The listing below is to be given again in full and word for word, without its images.
-- Provided records follows --
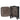 Stratic Strong - 4 - Rollen - Trolley S 55 cm (anthracite) - Markenkoffer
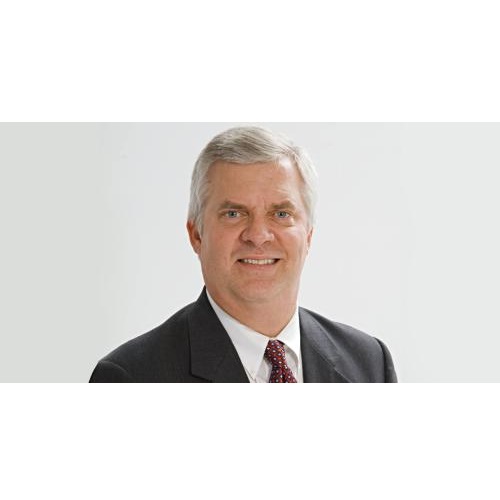 Image for Wayne Hardee Law with ID of: 6377372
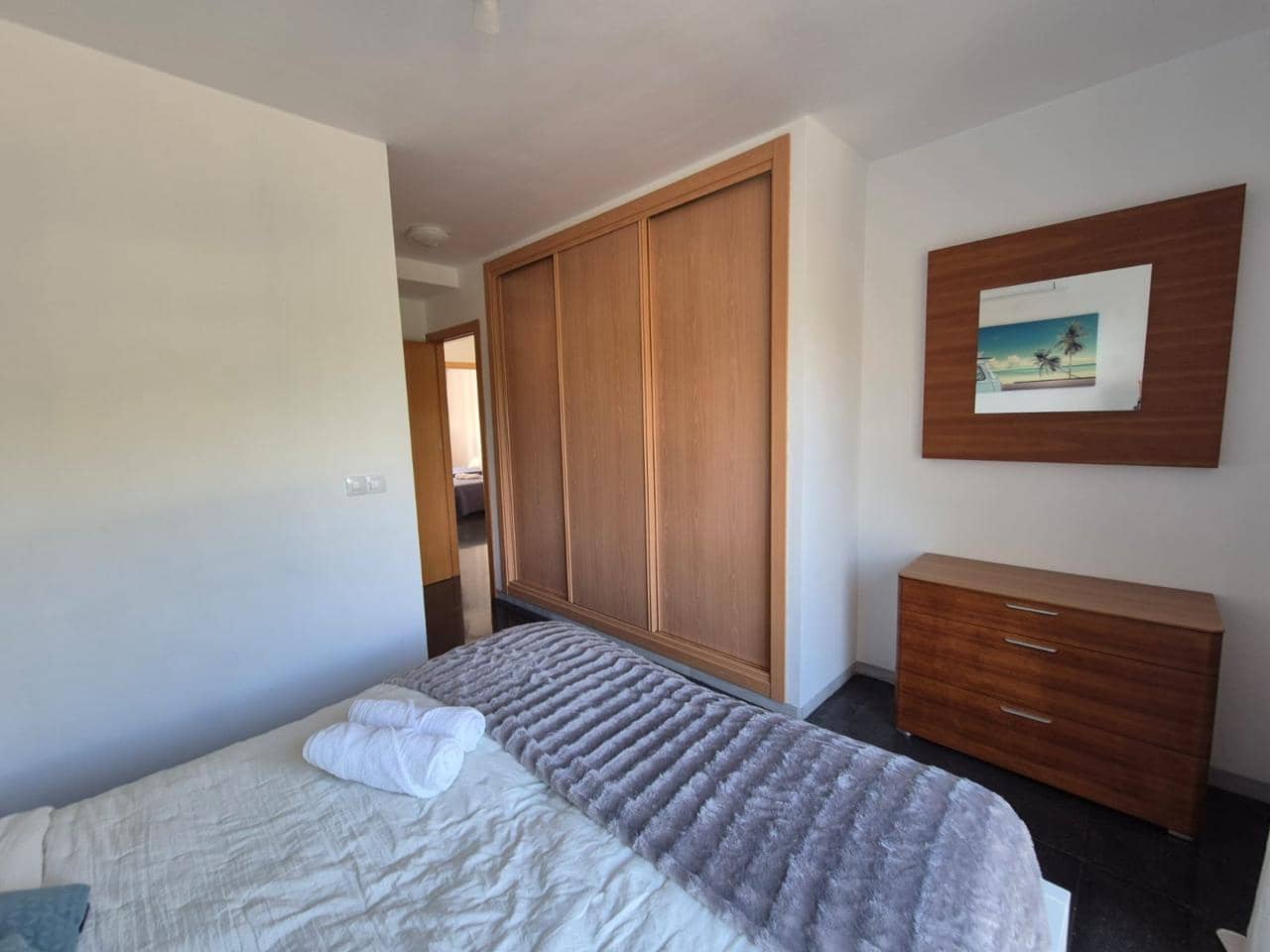 4 Zimmer Villa zu verkaufen in El Campello mit Pool Garage - 520.000 € (Ref: 8562583)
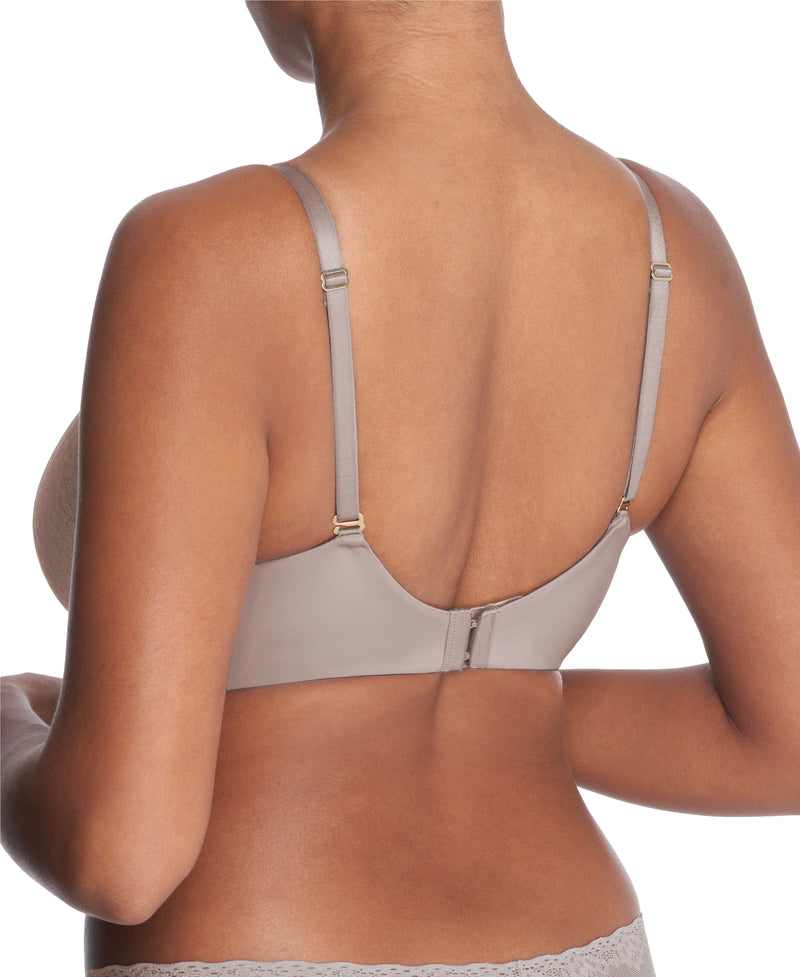 Comfort evolution Smoky -  - comfort-evolution-stormy - The Pencil Test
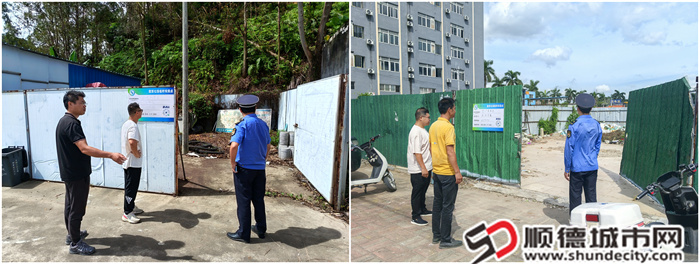 村(社区)建筑垃圾临时投放点。.jpg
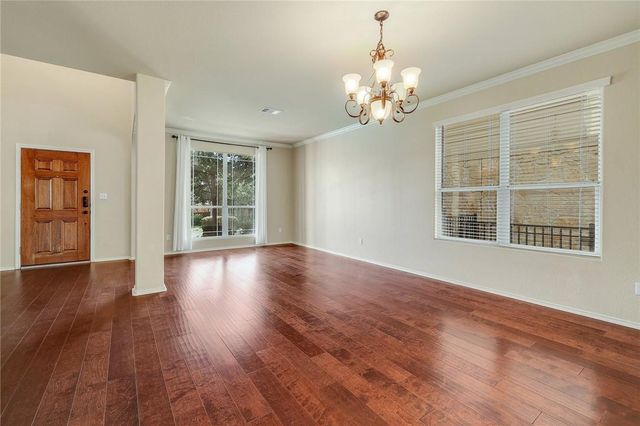1709 Woodvista PL, Round Rock, TX 78665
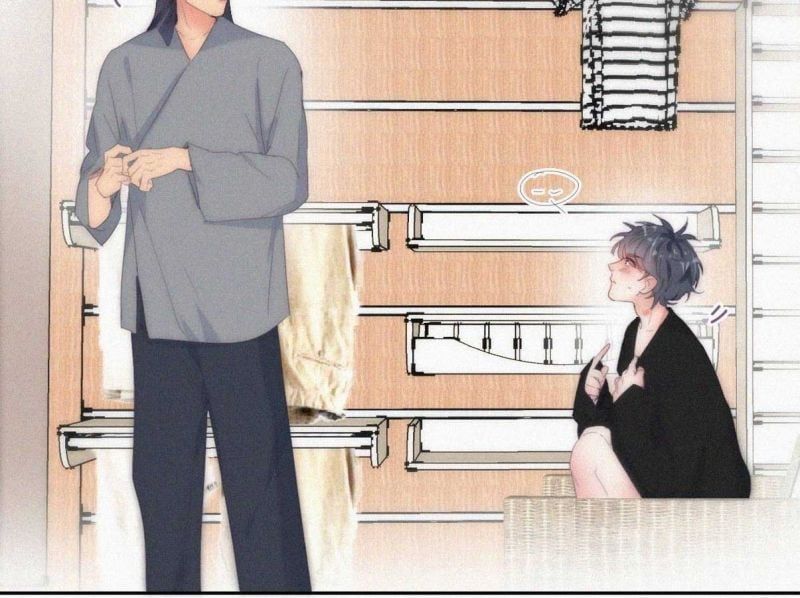 đọc truyện Nghịch Tập Chi Hảo Dựng Nhân Sinh Chương 257 ảnh 54 tại Thiên Thai Truyện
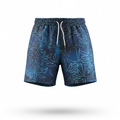 Beach Shorts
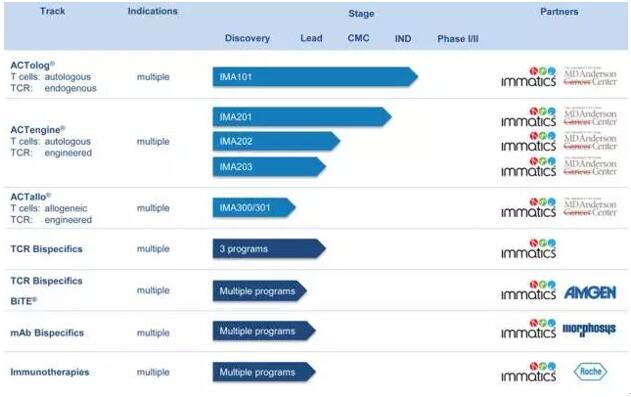 首页| 和记H88集团怡情博娱官网
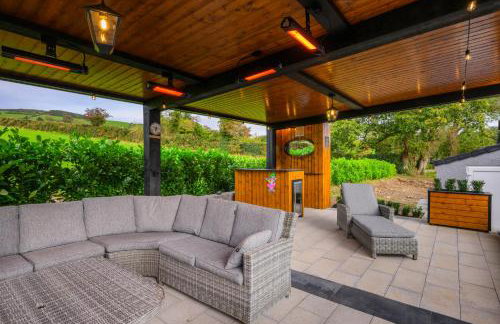 Rosies Cottage - Photo 8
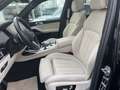 BMW X7 i/HUD/Panorama/Navigation/HarmanKardon Schwarz - thumbnail 22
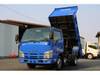 ISUZU OTHER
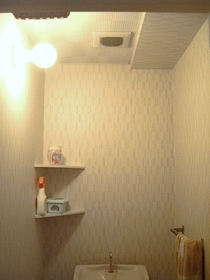 �g�C�����t�H�[��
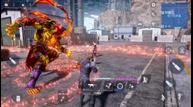 final_fantasy_7_the_first_soldier_03.jpg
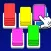 Card Shuffle Sorting Game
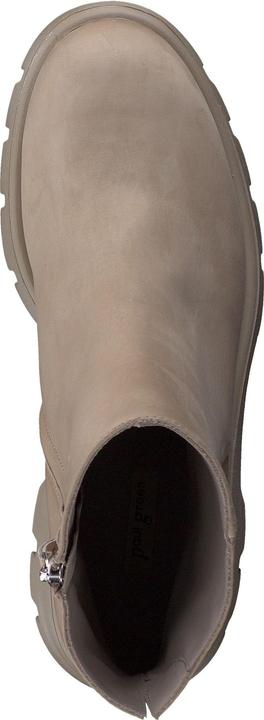 Produktbild Paul Green 8112 02 (40)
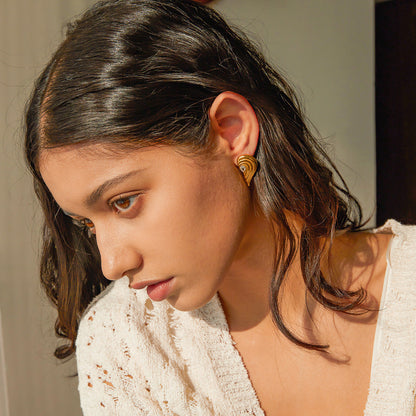 Thalia Aretes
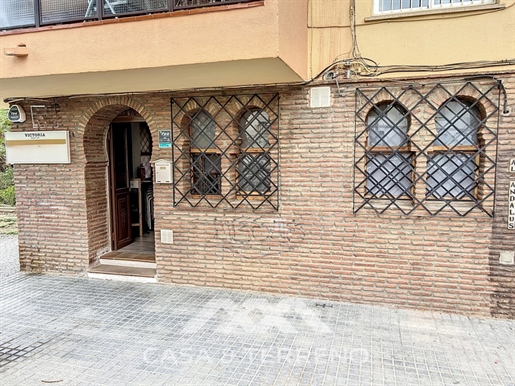 For sale: Bar/Restaurant, Vélez -Málaga ,Málaga, Andalucía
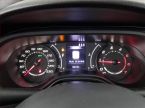 Fiat Tipo - fotka číslo 10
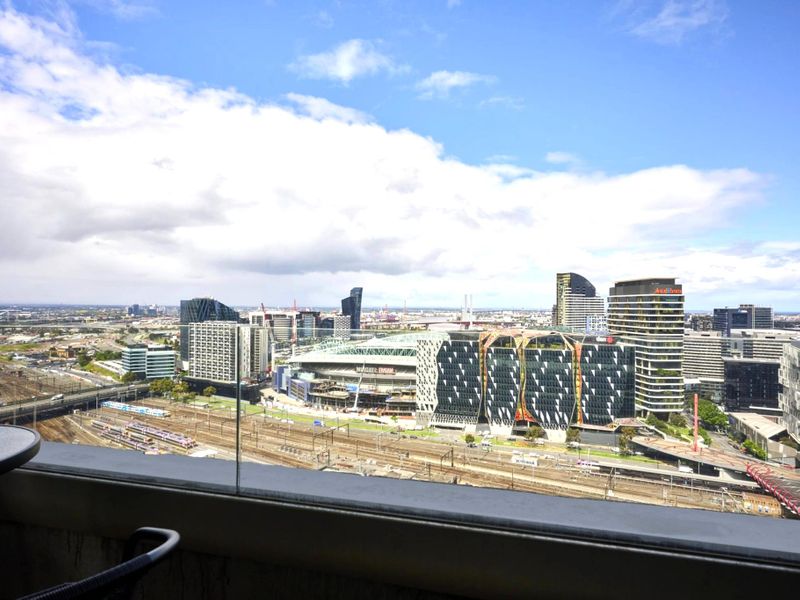 Spencer Sanctuary: Prime Location by Southern Cross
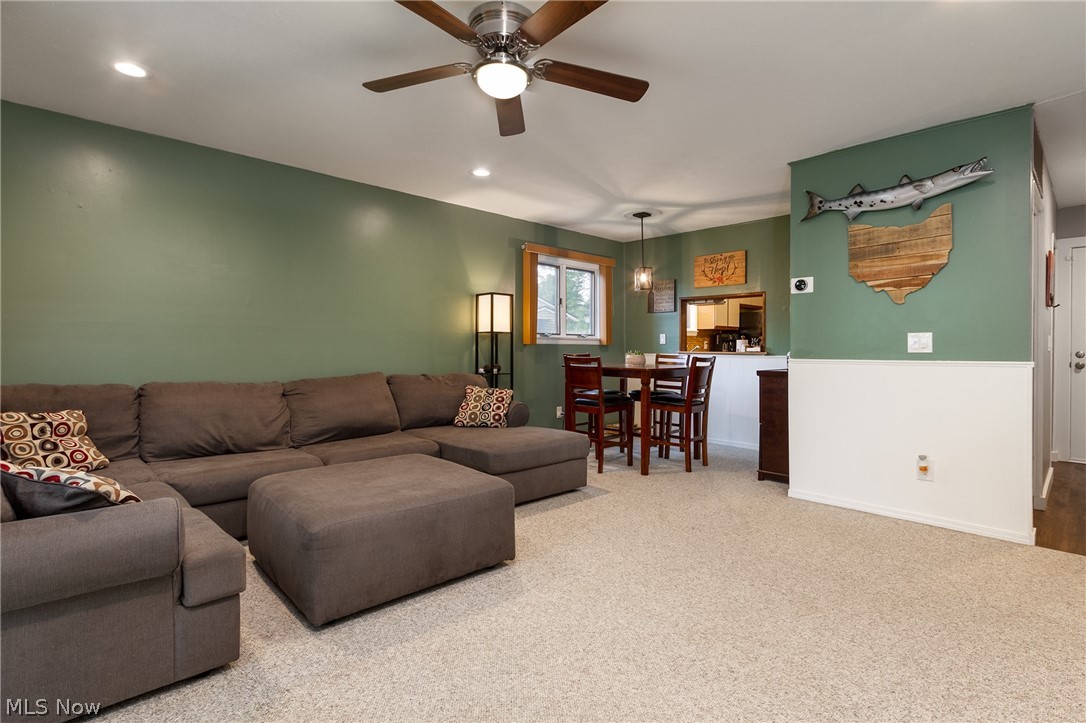 7357 Timothy Drive North Ridgeville, OH 44039 - Photo 10 of 32 Gallery Image 10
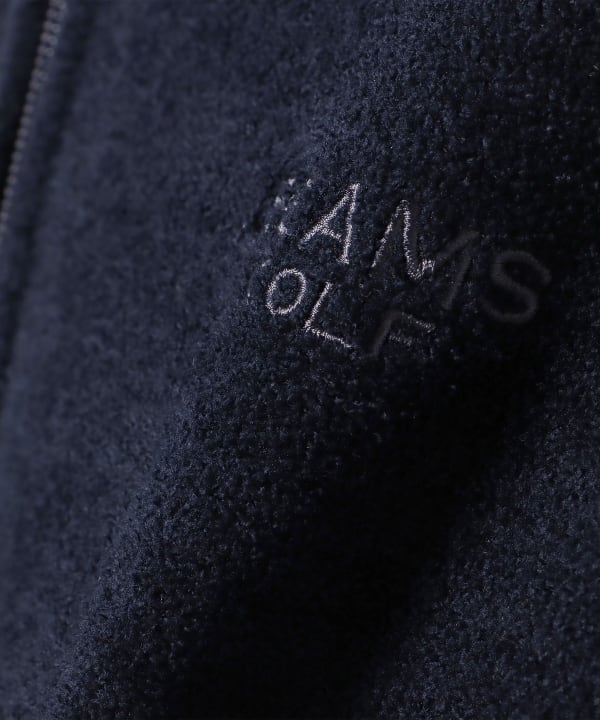 BEAMS GOLF（ビームス ゴルフ）【2/12再値下げ】〈MEN〉 PURPLE LABEL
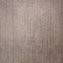 Milliken Naturally Drawn - Watercolour Lesson Shell WLN 68 - 149 Carpet Tiles - DCTUK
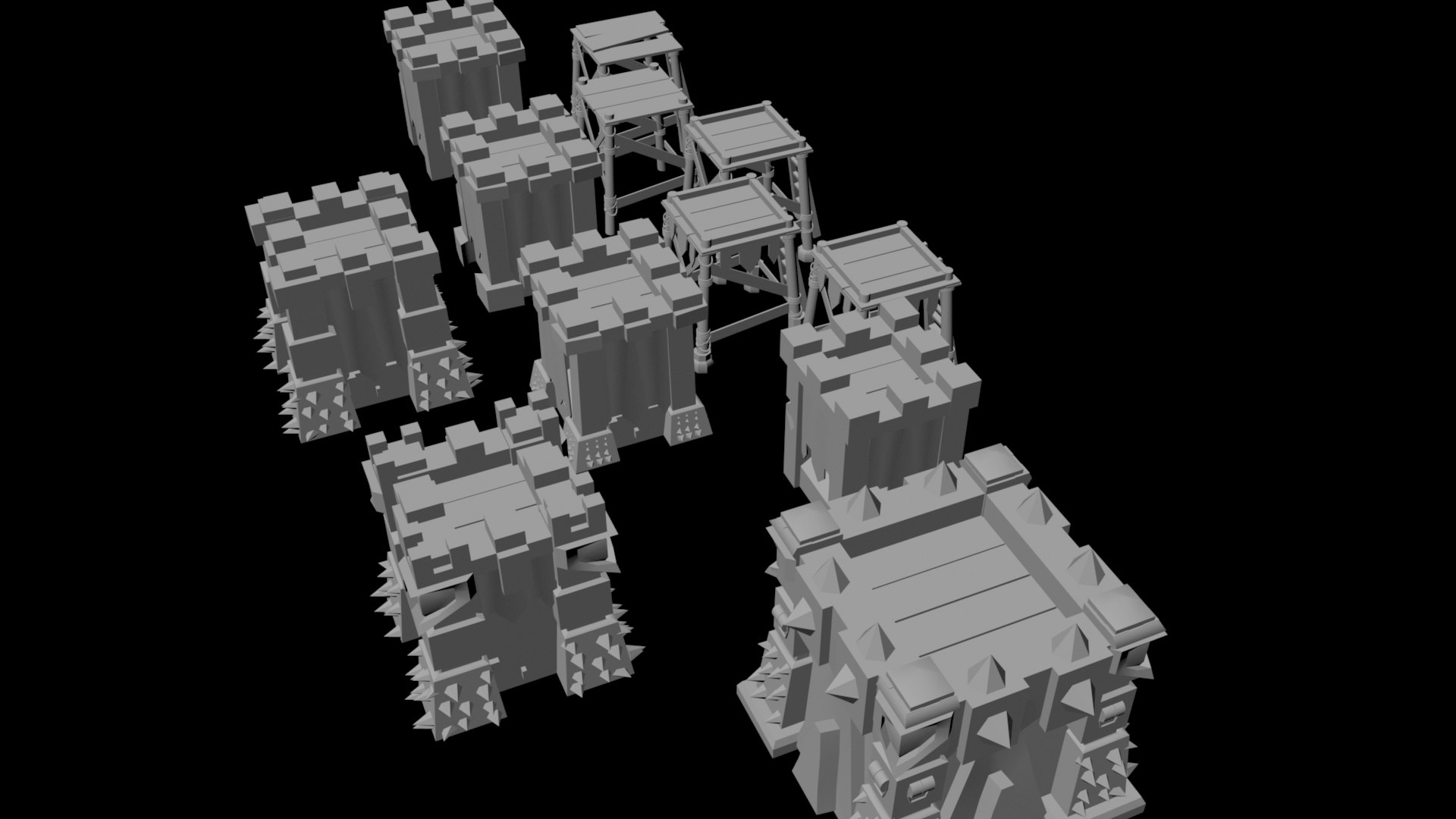 archer towers obj https://p.turbosquid.com/ts-thumb/wh/D96eW0/3M99XXEC/15/jpg/1468676933/1920x1080/fit_q87/64832d4ea371bb781d4435dd819e430708a476aa/15.jpg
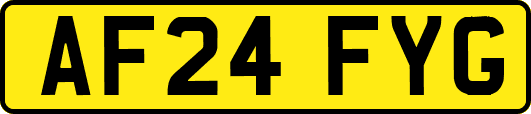 AF24FYG
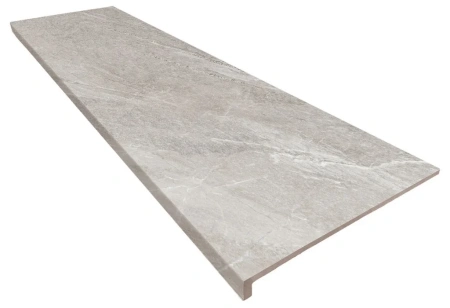 Ступени recto 120 big Imperial Arian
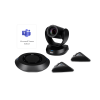 Конференц-камера AVer VC520 PRO2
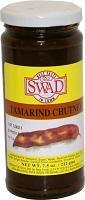 Chutney 7.5 oz / Swad Tamarind Chutney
-- Provided records concluded --
Finished task:
 Stratic Strong - 4 - Rollen - Trolley S 55 cm (anthracite) - Markenkoffer
 Image for Wayne Hardee Law with ID of: 6377372
 4 Zimmer Villa zu verkaufen in El Campello mit Pool Garage - 520.000 € (Ref: 8562583)
 Comfort evolution Smoky -  - comfort-evolution-stormy - The Pencil Test
 村(社区)建筑垃圾临时投放点。.jpg
1709 Woodvista PL, Round Rock, TX 78665
 đọc truyện Nghịch Tập Chi Hảo Dựng Nhân Sinh Chương 257 ảnh 54 tại Thiên Thai Truyện
 Beach Shorts
 首页| 和记H88集团怡情博娱官网
 Rosies Cottage - Photo 8
 BMW X7 i/HUD/Panorama/Navigation/HarmanKardon Schwarz - thumbnail 22
 ISUZU OTHER
 �g�C�����t�H�[��
 final_fantasy_7_the_first_soldier_03.jpg
 Card Shuffle Sorting Game
 Produktbild Paul Green 8112 02 (40)
 Thalia Aretes
 For sale: Bar/Restaurant, Vélez -Málaga ,Málaga, Andalucía
 Fiat Tipo - fotka číslo 10
 Spencer Sanctuary: Prime Location by Southern Cross
 7357 Timothy Drive North Ridgeville, OH 44039 - Photo 10 of 32 Gallery Image 10
 BEAMS GOLF（ビームス ゴルフ）【2/12再値下げ】〈MEN〉 PURPLE LABEL
 Milliken Naturally Drawn - Watercolour Lesson Shell WLN 68 - 149 Carpet Tiles - DCTUK
 archer towers obj https://p.turbosquid.com/ts-thumb/wh/D96eW0/3M99XXEC/15/jpg/1468676933/1920x1080/fit_q87/64832d4ea371bb781d4435dd819e430708a476aa/15.jpg
 AF24FYG
 Ступени recto 120 big Imperial Arian
 Конференц-камера AVer VC520 PRO2
 Chutney 7.5 oz / Swad Tamarind Chutney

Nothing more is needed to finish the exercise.